I think one of the greatest things that I have learned as a parent of a child with autism is how to truly celebrate the moment. So often I get caught up in trying to make sure the entire "production" runs smoothly and is enjoyed by all, whether it be worship, family vacation, birthday party, making dinner; whatever it may be that I am planning, I am just as guilty of the next guy of not enjoying the moment for fear of disrupting the wider spectrum.
But with Isaac, no matter how smooth everything is going, the slightest incident (slightest, in our eyes at least) can be absolutely catastrophic for him. As a parent, you're torn: part of you says it's only spilled milk, while the other side of you says that those giant teardrops are legitimate and that he is really suffering. A "perfect" party is then spoiled by one little incident.
So as a parent, I've simply learned to enjoy the moment with him as he's enjoying it. In fact, I've found it to be quite liberating to simply let go of the reigns and celebrate being in the moment with him. I can't make him understand me, but I surely can go out of my way to at least try to understand him, and in doing so, experience all the joys (and there truly are many of them) of being blessed to be the parent of a child with special needs.
As we read the Philippians "Christ Hymn" text last Thursday evening in Adult Confirmation class, it dawned on me that maybe this is how God "enjoys" us as well. We know that God emptied himself of His divine nature and came to us as one of us in Jesus Christ, and despite the fact that we couldn't understand him and despite the fact that we've turned this perfect creation into something less desirable than what it was created for, God still wants to be there in those moments with us as any loving parent would. I have no doubt that God celebrates when we celebrate and that God reaches out to us when we're making a mountain out of a molehill.

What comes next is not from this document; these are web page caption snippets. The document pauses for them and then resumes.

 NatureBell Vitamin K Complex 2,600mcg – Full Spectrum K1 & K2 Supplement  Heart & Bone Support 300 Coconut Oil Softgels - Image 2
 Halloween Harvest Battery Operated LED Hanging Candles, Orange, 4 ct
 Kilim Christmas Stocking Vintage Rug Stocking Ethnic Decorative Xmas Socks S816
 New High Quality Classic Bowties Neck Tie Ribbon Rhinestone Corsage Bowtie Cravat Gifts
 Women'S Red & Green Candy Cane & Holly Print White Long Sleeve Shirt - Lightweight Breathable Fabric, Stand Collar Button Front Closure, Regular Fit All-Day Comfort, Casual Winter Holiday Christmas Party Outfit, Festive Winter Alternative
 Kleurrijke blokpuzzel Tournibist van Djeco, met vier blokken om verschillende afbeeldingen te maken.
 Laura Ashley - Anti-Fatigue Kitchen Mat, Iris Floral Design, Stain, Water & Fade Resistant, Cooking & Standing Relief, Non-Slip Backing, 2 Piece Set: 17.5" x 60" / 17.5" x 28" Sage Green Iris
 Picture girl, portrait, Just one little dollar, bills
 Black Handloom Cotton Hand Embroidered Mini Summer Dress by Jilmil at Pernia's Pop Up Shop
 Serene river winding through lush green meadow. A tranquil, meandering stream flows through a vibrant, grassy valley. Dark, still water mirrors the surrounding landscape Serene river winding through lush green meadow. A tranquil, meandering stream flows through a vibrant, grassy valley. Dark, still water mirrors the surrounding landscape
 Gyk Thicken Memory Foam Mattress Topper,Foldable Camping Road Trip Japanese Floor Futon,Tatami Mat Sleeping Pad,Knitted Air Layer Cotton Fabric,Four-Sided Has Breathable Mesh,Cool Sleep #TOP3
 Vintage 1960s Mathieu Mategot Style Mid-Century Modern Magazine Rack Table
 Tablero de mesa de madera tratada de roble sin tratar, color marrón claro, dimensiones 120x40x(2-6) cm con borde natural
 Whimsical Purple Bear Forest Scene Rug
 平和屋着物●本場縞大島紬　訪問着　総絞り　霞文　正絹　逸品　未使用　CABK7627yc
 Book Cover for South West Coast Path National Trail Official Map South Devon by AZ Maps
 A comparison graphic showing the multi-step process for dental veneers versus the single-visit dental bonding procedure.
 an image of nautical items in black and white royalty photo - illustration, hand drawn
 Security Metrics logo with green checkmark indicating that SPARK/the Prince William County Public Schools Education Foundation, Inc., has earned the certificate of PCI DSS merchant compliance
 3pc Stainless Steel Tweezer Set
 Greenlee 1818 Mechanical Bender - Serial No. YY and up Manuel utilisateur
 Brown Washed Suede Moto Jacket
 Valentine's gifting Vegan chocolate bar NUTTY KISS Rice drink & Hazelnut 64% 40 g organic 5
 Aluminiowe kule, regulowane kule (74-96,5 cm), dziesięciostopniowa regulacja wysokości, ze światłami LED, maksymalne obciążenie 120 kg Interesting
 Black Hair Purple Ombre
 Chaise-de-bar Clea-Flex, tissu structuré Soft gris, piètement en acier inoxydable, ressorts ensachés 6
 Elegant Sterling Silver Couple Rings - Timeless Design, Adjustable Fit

There will be a time when Isaac and I will have a complete understanding of one another, but, for now, I'll just keep doing the best that I can. Maybe he'll cry during the birthday party, but you know what, he really had fun on the monkey bars. Maybe he didn't eat a very good supper, but he offered up grace and thanks for that meal beforehand. I truly do thank God for those moments and I thank God for making me aware of them. So, I guess my departing words are simple: live in the moment, and know that God is living in that moment with you.